Scarlett Johansson é a estrela de "Lucy" | Foto: sony pictures/divulgação
PUBLICADO EM 29/08/14 - 11h25
“Lucy” sofre de um paradoxo engraçado. O filme segue uma protagonista que se torna capaz de acessar 100% da sua capacidade cerebral. Mas é realizado por pessoas que parecem não ter usado nem 5% da sua para escrever a história. E pede ao público que desligue totalmente o seu cérebro para entrar na brincadeira.
 
E brincadeira é a palavra central. “Lucy”, que estreia nos cinemas, não é um longa para ser levado a sério. É uma produção para quem quer ver Scarlett Johansson quebrando o pau e deixando um bando de marmanjo no chinelo, sem perder o sex appeal nem colocar em risco o decote milimetricamente calculado de sua camiseta branca.
 
A atriz é a Lucy do título, uma piriguete burra o bastante para se envolver com um traficante de drogas durante uma viagem a Taiwan.

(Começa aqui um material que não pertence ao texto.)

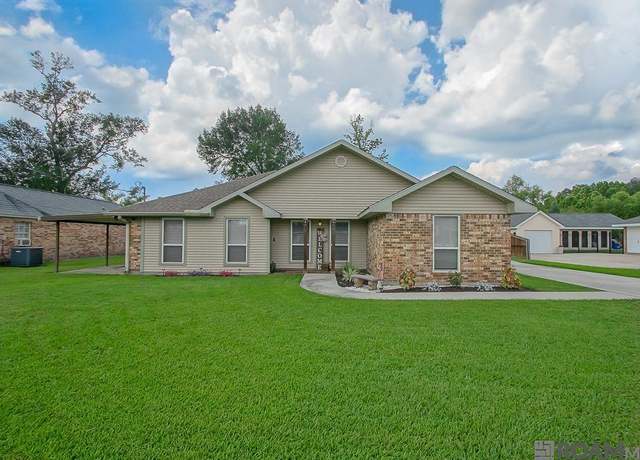 Property at 38204 Zilda St, Gonzales, LA 70737, 3 beds, 2 baths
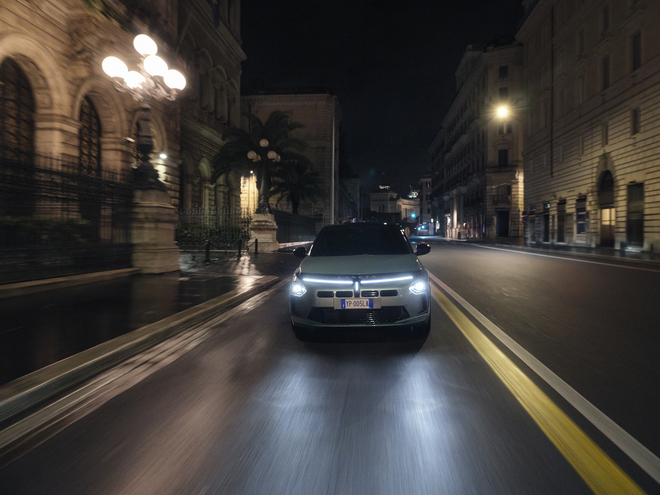 Lancia Ypsilon debutta con il nuovo motore Turbo 100 e cambio manuale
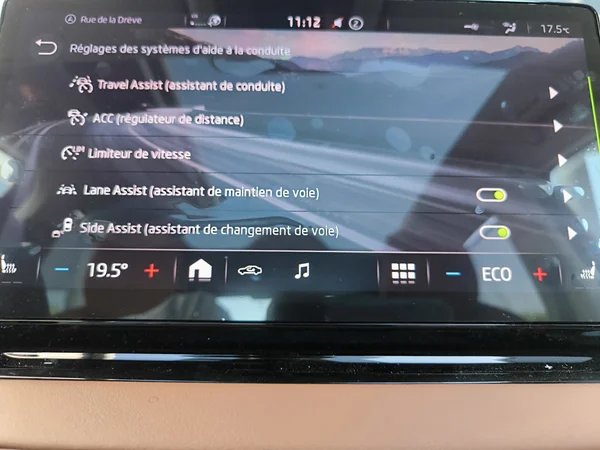 SKODA Enyaq Coupé (2025) — foto 16 van 37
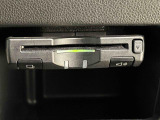ETCカードを挿入することで高速道路を利用する際の支払いがキャッシュレスになったり、ETCスマートインターチェンジが利用できたり、とても便利なアイテムです!保証は修理保証のみとなります。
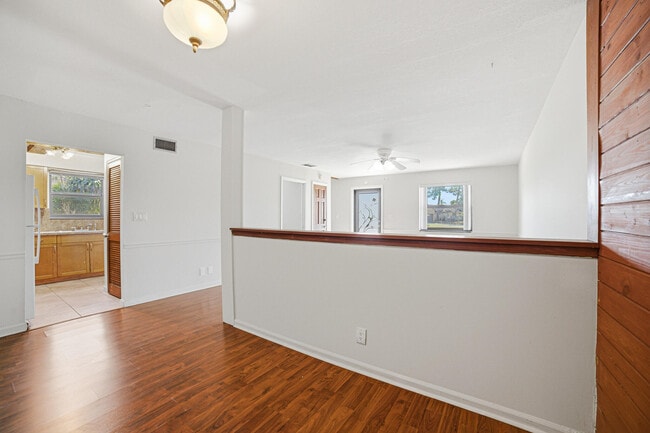 Building Photo - 2895 Via Del Lago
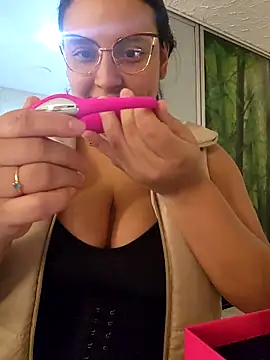 Snapshot of LizzRouse chatting on 03/05/26, 06:48 LizzRouse online show from 03/05/26, 06:48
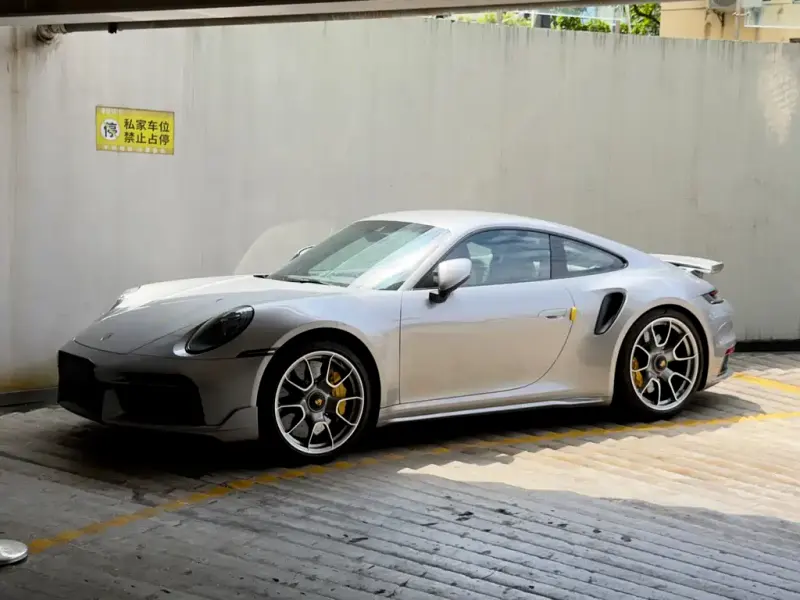 Porsche 911, 2023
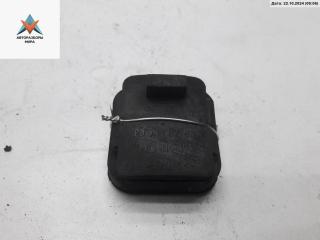 кронштейн радиатора Volkswagen Passat B5 1999, 1.8 л., бензин, МКПП, серый, универсал, 8D0121276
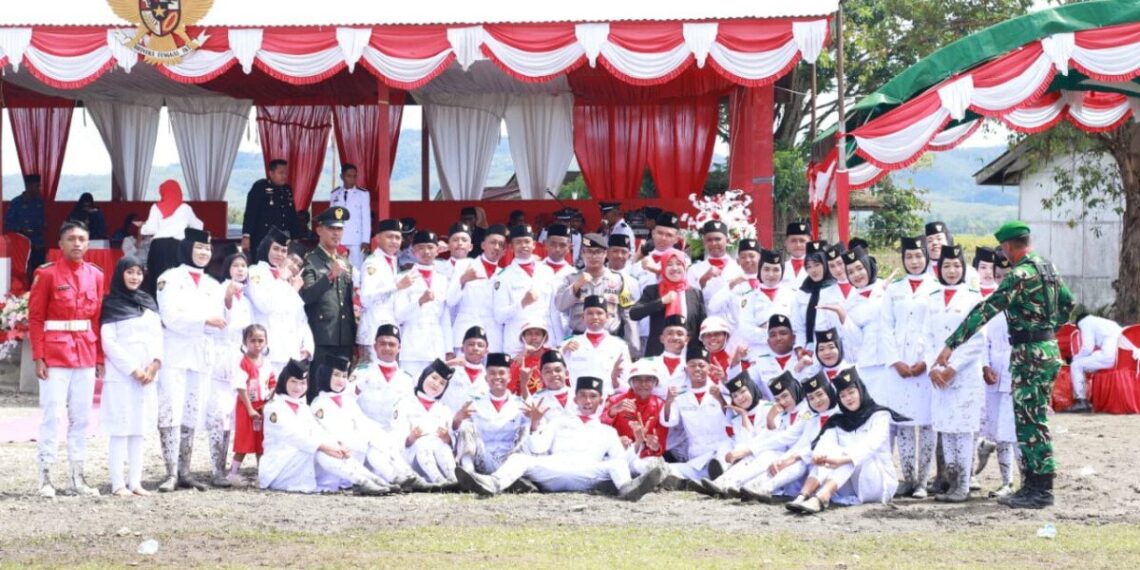 Pada upacara peringatan HUT ke-80 Kemerdekaan RI di Kecamatan Waeapo, dua remaja LDII Kecamatan Waeapo terpilih sebagai anggota Pasukan Pengibar Bendera (Paskibra). Foto: LINES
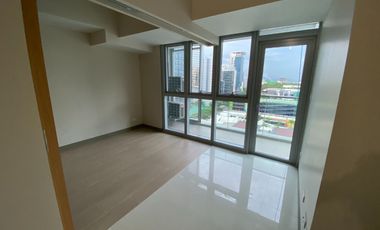 Rfo 1 bed with balcony Uptown Parksuites Tower 2 Rent to own Bgc condo for sale Fort Bonifacio Taguig City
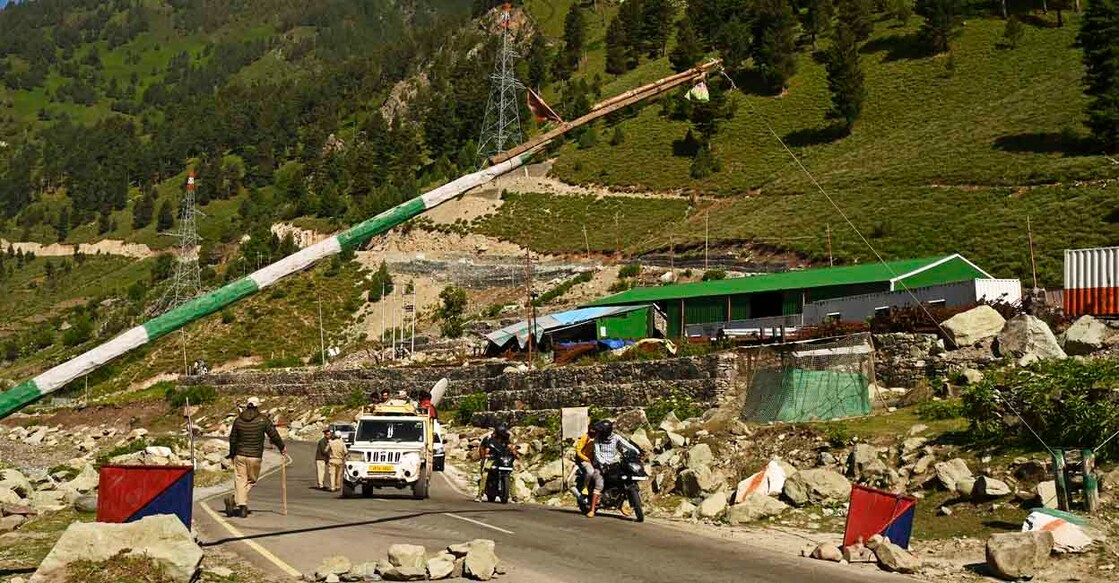 പ്രതീകാത്മക ചിത്രം (Photo by Tauseef MUSTAFA / AFP)
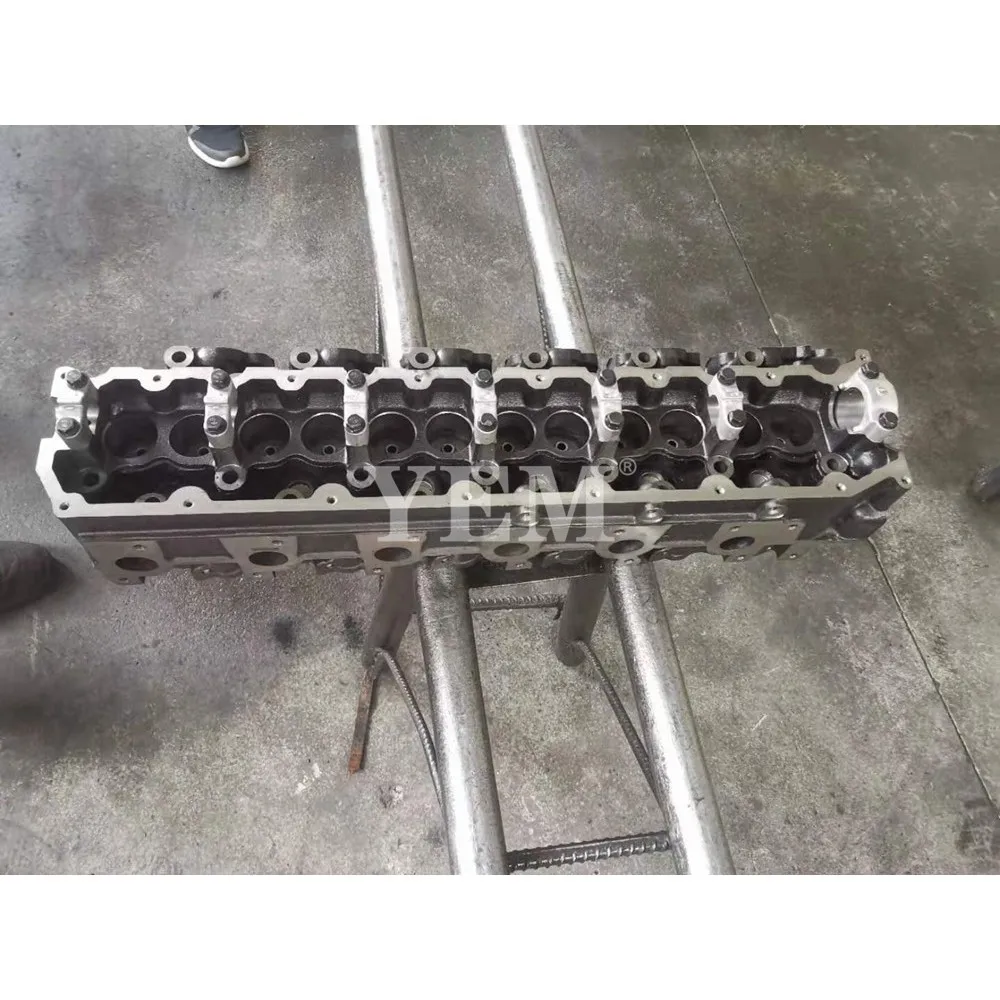 1HZ Cylinder Head for Toyota Diesel Engine Parts 3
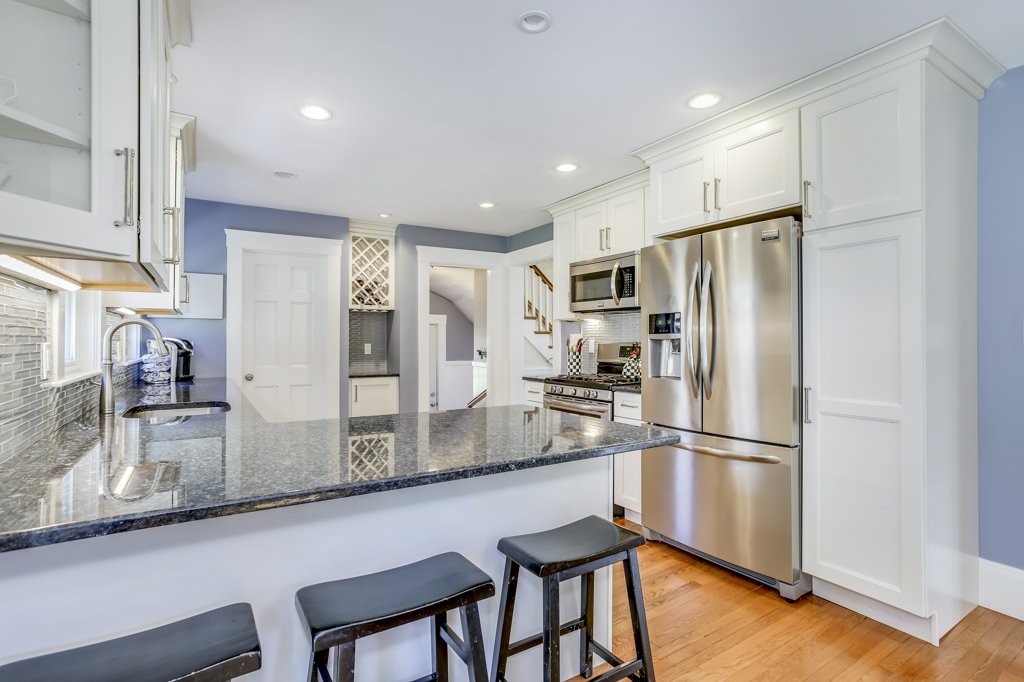 8 Newell Road Wakefield, MA 01880 - Photo 3 of 23 Gallery Image 3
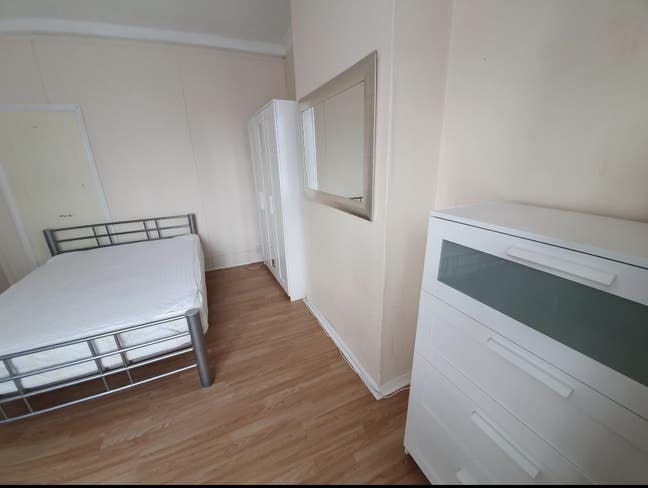 Lovely furn large room in a wonderful house share  Main Photo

Quando ele bota a garota numa enrascada, ela acaba servindo de mula para uma nova droga sintética que explode em seu organismo e passa a acelerar sua atividade cerebral rumo aos 100% (você foi avisado no primeiro parágrafo que não foi gasto muito fosfato na elaboração da história).
 
O arco da transformação dessa loira gostosa marilynmonroeniana em uma mistura de La Femme Nikita com o Dr. Manhattan de “Watchmen” faz dos 30 minutos iniciais a melhor coisa do filme. Não que “Lucy” chegue a ser feminista. O longa não tem inteligência o bastante para isso. E o diretor francês Luc Besson não é nenhum Billy Wilder e nunca consegue realizar todo o potencial dessa subversão do arquétipo da loira burra que Johansson está disposta a encenar.
 
E a disposição da atriz é o que salva o filme. Nas cenas iniciais, ela usa todo o timing e a naturalidade cômica aprendidos nos seus tempos de musa de Woody Allen para, em seguida, substituí-los pela expressão semialienígena e superior de sua protagonista no recente “Sob a Pele”. E se você quer ver um longa que proponha discussões interessantes sobre uma mente diferenciada ou cognições sobrehumanas, procure este filme do diretor Jonathan Glazer, e não “Lucy”.
 
Porque, dentre as muitas e promissoras possibilidades de uma personagem capaz de explorar toda a potencialidade do cérebro humano, a produção não está interessada em nenhuma. A primeira cena logo após o incidente com a droga, em que Lucy invade uma sala de cirurgia, é até bem pensada, mas o conceito de “inteligência” do filme termina ali (o próprio Besson já admitiu que as premissas “científicas” do filme são todas furadas). 
 
Ação
 
E como é de praxe na produção cinematográfica atual, ele é substituído por superpoderes. O fato de que uma pessoa super-inteligente provavelmente teria outras alternativas mais efetivas e menos destrutivas que a violência para resolver seus problemas é ignorado porque esse é um filme de ação, e não uma série da TV a cabo. 
 
Em “Lucy”, acessar o cérebro significa que a protagonista consegue derrubar uma gangue inteira com um estalar de dedos, controla objetos, invade máquinas e muda a cor do cabelo instantaneamente. Ou seja, ela se torna um Superman com estrogênio. 
 
À parte o desperdício da premissa, quando isso acontece, o espectador começa a perder qualquer investimento no filme porque Lucy se torna invencível e nada pode detê-la. Contribui ainda o fato de que ela tem um plano para o seu conhecimento – que está, literalmente, todo dentro de sua mente – e, quando o público está prestes a entendê-lo e parece que alguma coisa vai acontecer, o longa acaba.
 
A melhor piada do longa é que esse plano envolve orientar um professor vivido por Morgan Freeman. E Lucy ter algo a ensinar ao ator, responsável por todos os velhos sábios do cinema contemporâneo, é a forma de Besson dizer que ela é realmente o ser mais inteligente do mundo. O problema é que ela é mais inteligente que seu filme, seu diretor e todo mundo que ela chamou para brincar.